Hard Logarithm Problems With Solutions Pdf Instant

Left: (x^2-5x+6>0 \Rightarrow x<2) or (x>3) (same as domain). Right: (x^2-5x+5<0). Roots: (\frac{5\pm\sqrt{5}}{2} \approx 1.38, 3.62). So ( \frac{5-\sqrt{5}}{2} < x < \frac{5+\sqrt{5}}{2}).

(0 < \log_2 A < 1 \Rightarrow 1 < A < 2 \Rightarrow 1 < x^2-5x+7 < 2).

Expand: (a\ln 2 + 2(\ln 2)^2 = a^2 + a\ln 2). hard logarithm problems with solutions pdf

Equation: (\frac{\ln(2x+3)}{\ln x} + \frac{\ln(x+2)}{\ln(x+1)} = 2).
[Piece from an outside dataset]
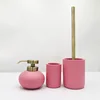 wholesale round shape cement accessory stone home decoration pink/brown bathroom accessories set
Challenging Exercises for Advanced High School & Early College Students So ( \frac{5-\sqrt{5}}{2} &lt; x &lt; \frac{5+\sqrt{5}}{2})

Let (a = \ln x). Then (\ln(2x) = a + \ln 2), (\ln(4x) = a + 2\ln 2).
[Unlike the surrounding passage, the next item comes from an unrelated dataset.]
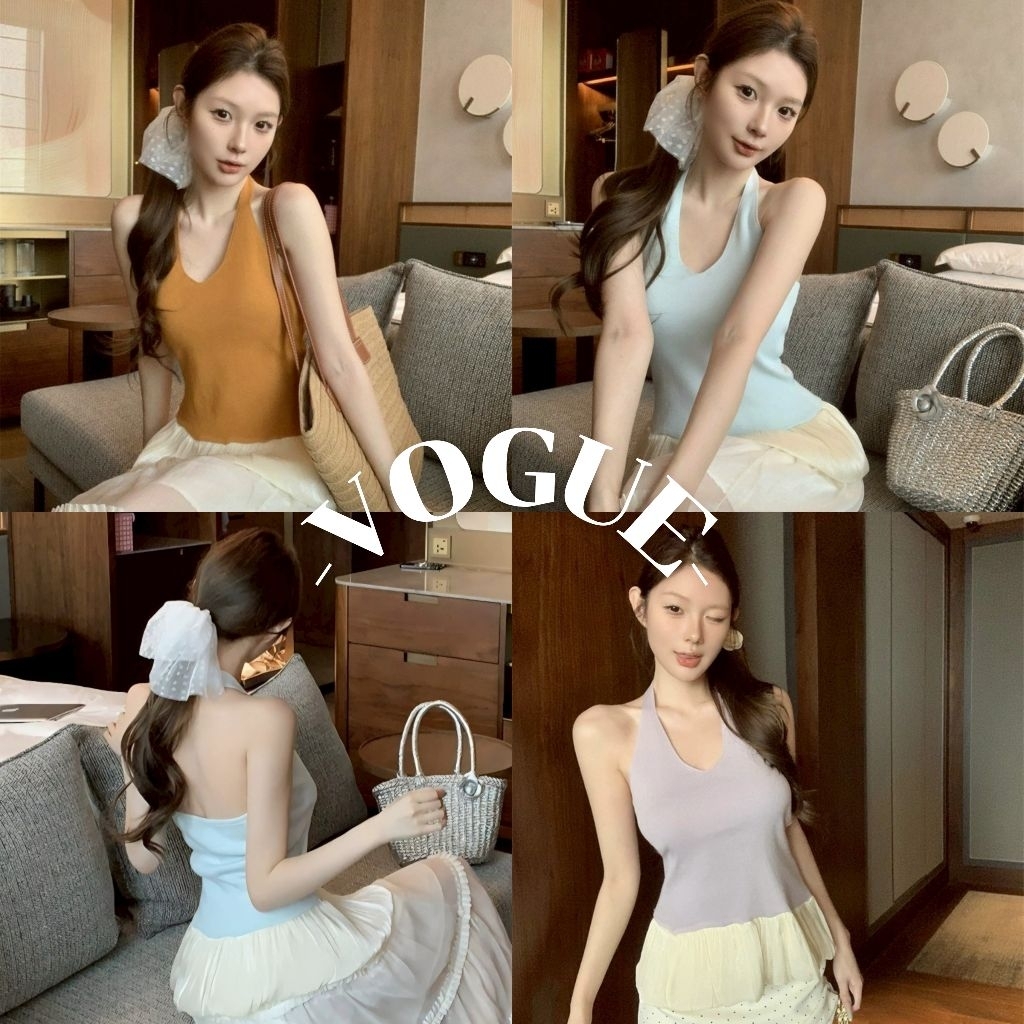 Vogue🌟พร้อมส่ง🌟 เสื้อคล้องคอไหมพรม เว้าหลัง สีสดใส (Z-R56)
Answer: No real solution. Domain: (x>0, x\neq 1, 2x>0, 2x\neq 1, 4x>0, 4x\neq 1) → (x>0, x\neq 1, x\neq 0.5, x\neq 0.25). approx: (\log_x(2x)=\log_x 2 + 1)

Try (x=2) gave 4.07, (x=4): (\log_4(11)=1.73), (\log_5(6)=1.113), sum=2.843. (x) smaller: (x=1.5): (\log_{1.5}(6)\approx 4.419), (\log_{2.5}(3.5)\approx 1.209), sum=5.628. So sum decreases? Wait from 5.6 at 1.5 to 2.84 at 4 — crosses 2 somewhere? At (x=1.5) sum 5.6, (x=4) sum 2.84, (x=8): (\log_8(19)\approx 1.418), (\log_9(10)\approx 1.047), sum=2.465. So decreasing but above 2, min? As (x\to\infty), both terms →1, sum→2 from above. So sum>2 always? Then no solution? Check (x\to 1^+): first term →∞, second term → finite, sum→∞. So minimum near large x? As x large, approx: (\log_x(2x)=\log_x 2 + 1), (\log_{x+1}(x+2)\approx 1), sum ≈ 2 + small positive. So min sum>2, so .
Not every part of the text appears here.